Fig. 5 |. Mechanisms of transcription regulation by trans-acting long non-coding RNAs.

a, Association of the long non-coding RNAs (lncRNAs) Charme, DIGIT and mammary tumour-associated RNA 25 (MaTAR25) with polypyrimidine tract-binding protein 1 (PTBP1)–matrin 3 (MATR3), bromodomain-containing protein 3 (BRD3) and purine-rich element-binding protein A (PURA)–PURB, respectively, drives condensate formation (blue background) and localization at target genes. This localization promotes the activation of broad developmental or disease-associated transcription programmes. b, The lncRNA Firre promotes inter-chromosomal contacts, which facilitates the co-regulation of a genes with shared functions in energy metabolism. c, Sequence complementarity between lncRNAs and one or many genomic regions enables targeting of the lncRNA to specific loci in trans through the formation of a DNA–DNA–(lnc)RNA triplex that involves DNA major groove Hoogstein base pairing. Various lncRNAs, including Fendrr, HOTAIR, HIF1A-AS1, Sarrah and others, have been shown to engage in triplex formation and exert positive or negative effects on target-gene expression. Pol II, polymerase II.

Fig. 6 |. Involvement of long non-coding RNAs in genetic diseases.
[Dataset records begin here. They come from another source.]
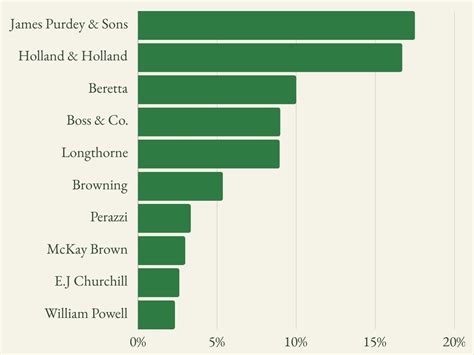 The most desirable shotgun brands: revealed! - GunsOnPegs writes on ...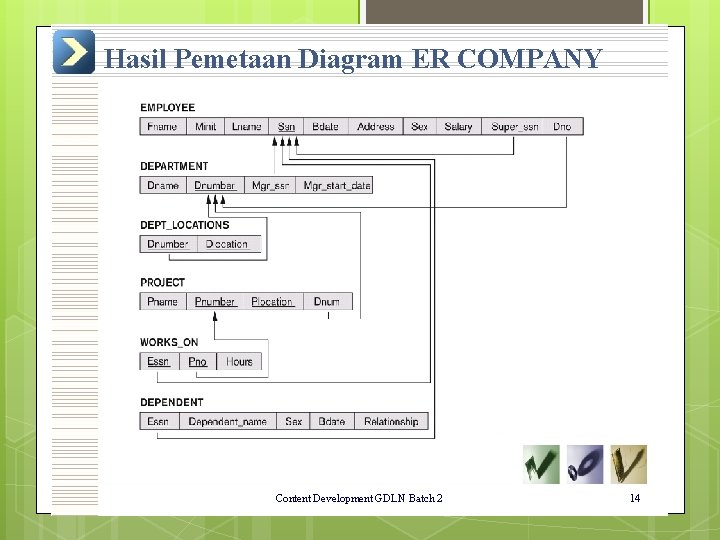 Hasil Pemetaan Diagram ER COMPANY Content Development GDLN Batch 2 14 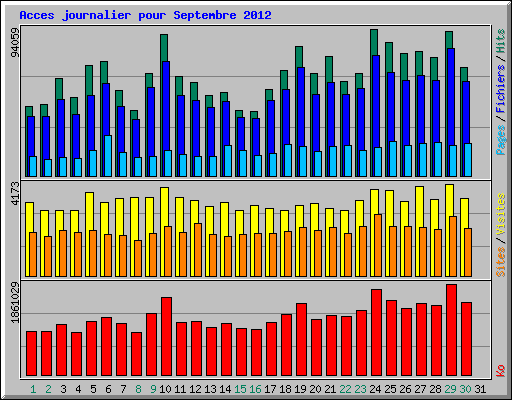 Acces journalier pour Septembre 2012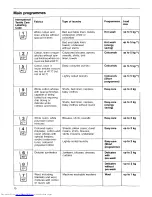 Preview for 10 page of AEG Lavamat 560 Operating Instructions Manual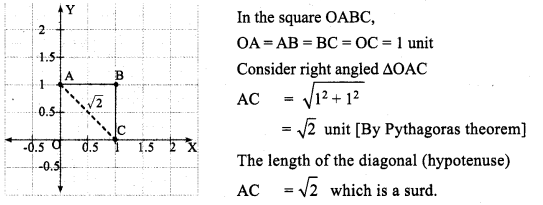 Samacheer Kalvi 9th Maths Chapter 2 Real Numbers Additional Questions 17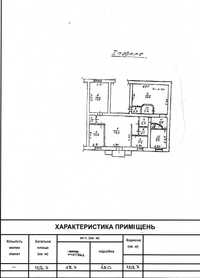 Сдам в аренду фасадное помещение на Новосельского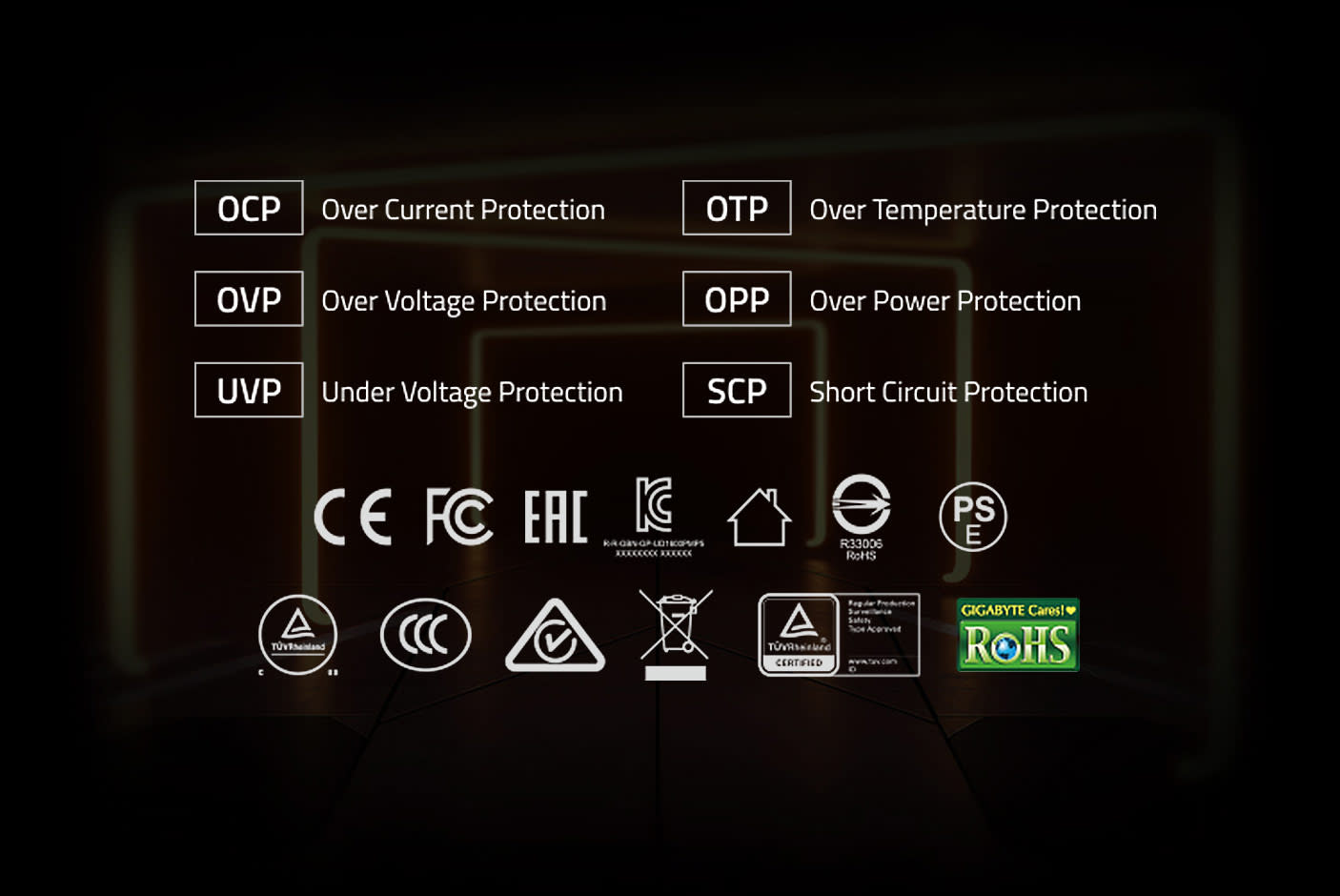 4610857-Tile-8-Gigabyte-UD1600PM-Ai-Top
a, The human EN1 locus, which encodes a homeobox transcription factor (TF). EN1 harbours recessive coding mutations in an individual with limb and brain malformations, whereas far-upstream biallelic non-coding deletions (or a compound heterozygous deletion and insertion not shown here) cause dorsal-limb malformations. Maenli is a mouse long non-coding RNA (lncRNA) mapped to the orthologous minimal deleted region in humans. Deletion of the Maenli promoter, or insertion of polyadenylation signals of transcription termination, recapitulate limb malformations and lead to reduced En1 expression, whereas an inverted termination signal has no effect. b, Transcription stabilizers control dosage-sensitive TF genes. Small deviations in the expression levels of certain TFs can be caused by heterozygous loss-of-function mutations or duplications of TF genes, or by biallelic loss of function of the stabilizer lncRNA, causing abnormal cellular transcription with organismal phenotypes. In several examples, the defects in stabilizer lncRNAs and the dosage alterations of their target genes have the same phenotype (Table 1). c, An expression quantitative trait locus (eQTL), in which a single nucleotide variant (SNV) influences expression of a lncRNA (left). rs10000X is depicted as the identifier of a fictitious regulatory SNV that is causal for this eQTL. The two graphs on the right depict statistically significant P values of a group of adjacent SNVs for association with the presence of the autoimmune disease systemic lupus erythematosus (SLE) (top) or with a lncRNA eQTL detected in T cell lymphocytes, a cell type that is relevant to SLE (bottom). The co-localization of both sets of association P values means that the lncRNA is a plausible mediator of the disease association. Several hundred instances such as this have been identified, indicating that variation in lncRNA expression contributes to the susceptibility of common diseases. GWAS, genome-wide association studies.